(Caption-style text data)
Segment Open

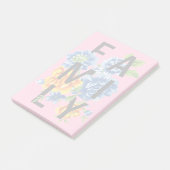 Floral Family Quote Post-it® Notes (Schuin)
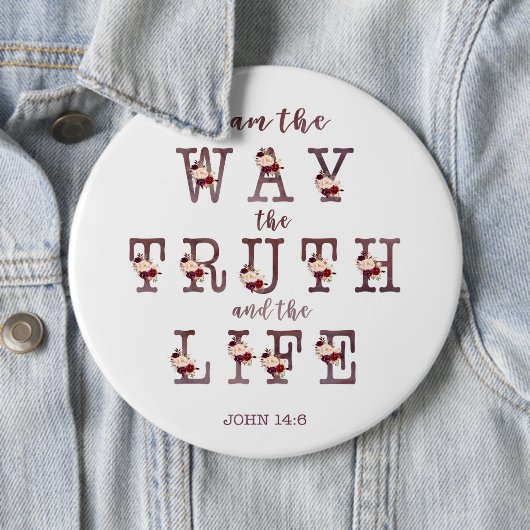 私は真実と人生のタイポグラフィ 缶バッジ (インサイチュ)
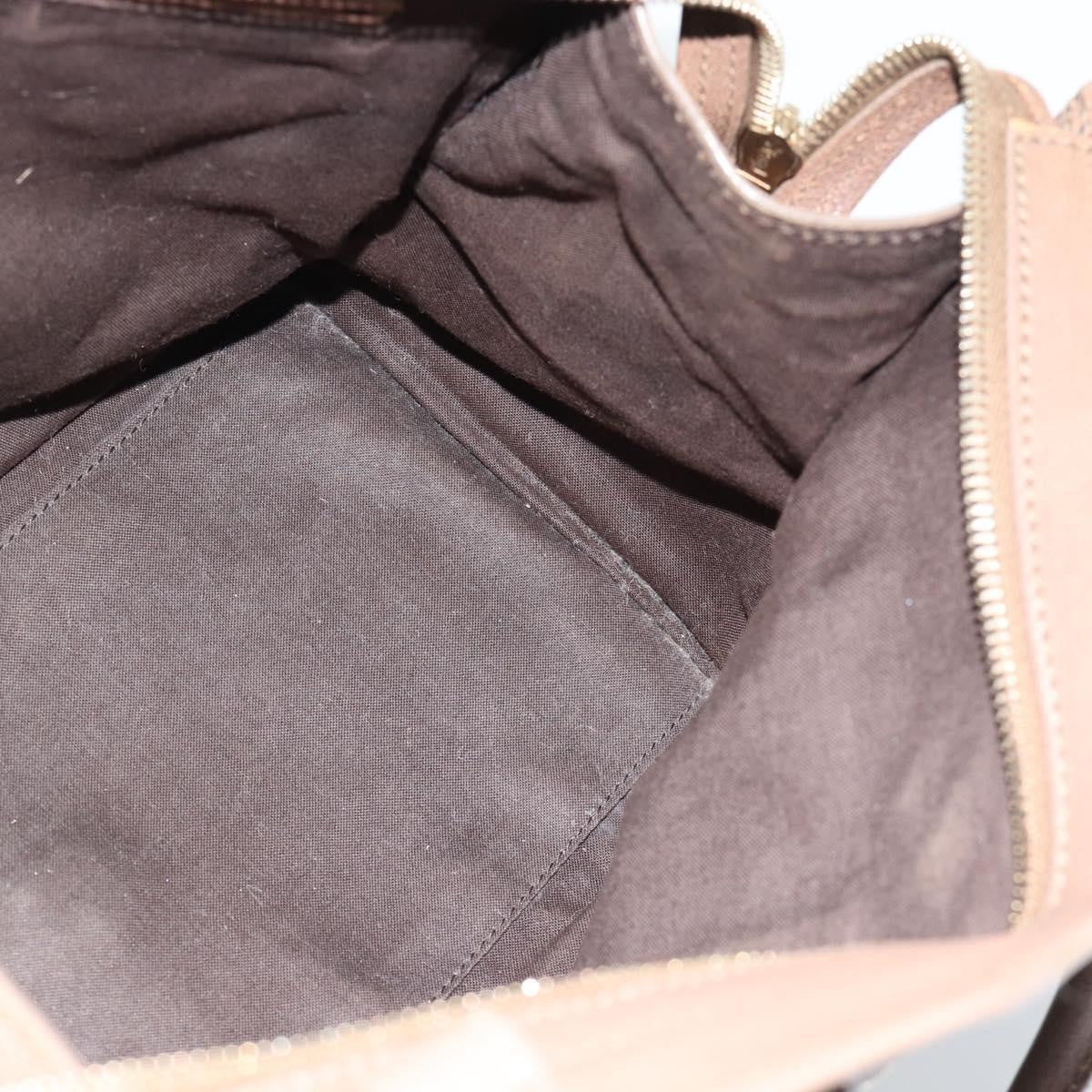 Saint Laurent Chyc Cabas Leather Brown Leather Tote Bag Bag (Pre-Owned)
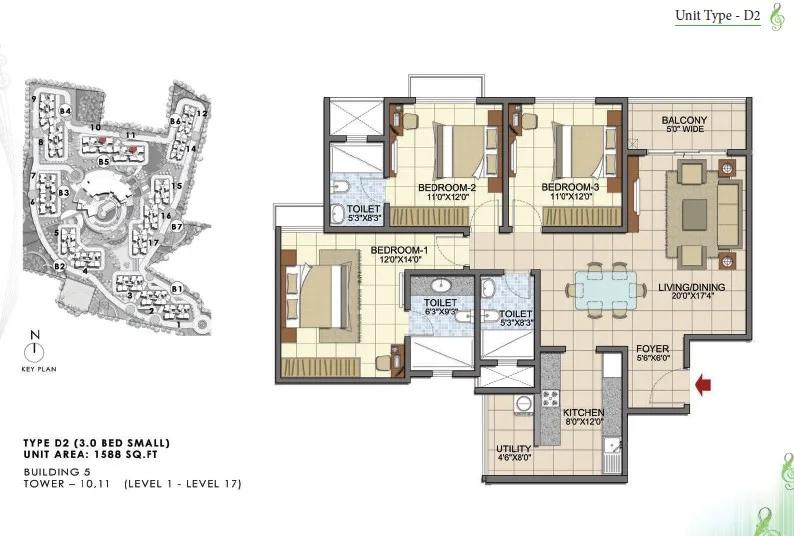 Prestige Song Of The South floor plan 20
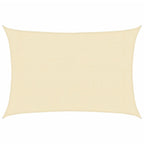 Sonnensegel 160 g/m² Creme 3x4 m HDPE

Segment Closed

WHAT IS BEING ASKED: The answer must be an exact reproduction of the records, with every picture left out.

EXPECTED ANSWER:
 Floral Family Quote Post-it® Notes (Schuin)
 私は真実と人生のタイポグラフィ 缶バッジ (インサイチュ)
 Saint Laurent Chyc Cabas Leather Brown Leather Tote Bag Bag (Pre-Owned)
 Prestige Song Of The South floor plan 20
 Sonnensegel 160 g/m² Creme 3x4 m HDPE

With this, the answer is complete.